- 9°23′46″N 80°23′59″E﻿ / ﻿9.3961°N 80.3997°E
- Location: Kilinochchi, Sri Lanka
- Type: Non-profit library
- Established: September 26, 2020

Collection
- Items collected: International film circles and Blu-rays, film books, educational videos, audiobooks
- Size: 13,000
- Criteria for collection: Films and books recommended by world-renowned film schools, filmmakers, and film critics

Other information
- Employees: 2
- Website: Balu Mahendra Library

= Balu Mahendra Library =

Balu Mahendra Library is a community-based film and media library located in Kilinochchi, Sri Lanka. The library was established in 2020 by a group of young Tamil filmmakers and cinephiles as a tribute to acclaimed Tamil filmmaker Balu Mahendra.

== History and purpose ==

The library was launched with the aim of cultivating a deeper appreciation for cinema, visual literacy, and storytelling among the younger generation, especially in the post-war Tamil communities of Northern Sri Lanka. It is named after Balu Mahendra in recognition of his contributions to Tamil cinema and his influence as a visual storyteller.

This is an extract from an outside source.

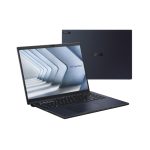 Ordenador portátil ASUS ExpertBook B3 de 16 pulgadas WUXGA (Intel Core Ultra 5 125U, 16GB RAM, 512GB SSD, Graphics) en color Negro Estrella con teclado QWERTY español, SKU B3604CMA-Q90698X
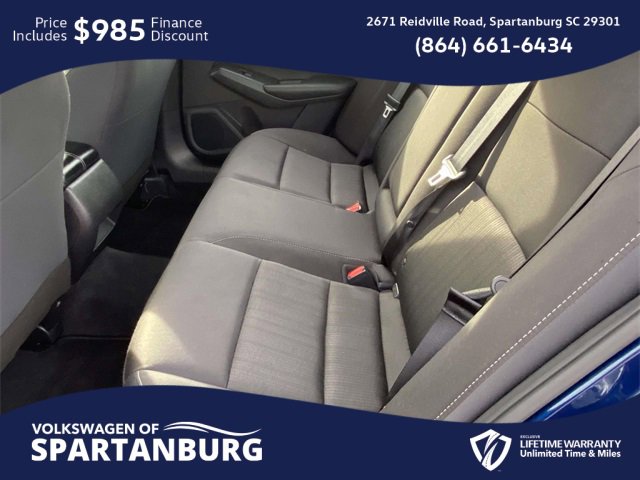 Used 2024 Nissan Altima 2.5 S image 10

The inauguration of the library saw participation and support from renowned filmmakers including Iranian director Majid Majidi, Sinhala filmmaker Prasanna Vithanage, and Tamil director Bharathiraja. Their involvement symbolized cross-cultural solidarity and underscored the library's broader mission of using cinema as a medium for education, healing, and creative empowerment in post-war Northern Sri Lanka.

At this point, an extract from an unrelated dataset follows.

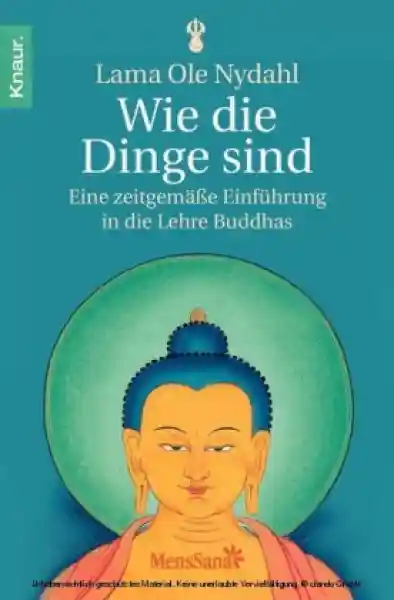 Nydahl, Ole : Wie die Dinge sind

Located in Kilinochchi, a region heavily affected by the Sri Lankan civil war, the initiative is seen as part of a broader cultural revival. The library provides access to books, essays, and research materials related to film studies, aesthetics, visual media, and global cinema, and also hosts workshops, discussions, and screenings.

== Cultural impact ==
The Balu Mahendra Library is regarded as one of the few dedicated film resource centers in Northern Province of Sri Lanka. It reflects an effort to reclaim space for artistic education and narrative empowerment, especially for Tamil youth who have limited access to creative infrastructure.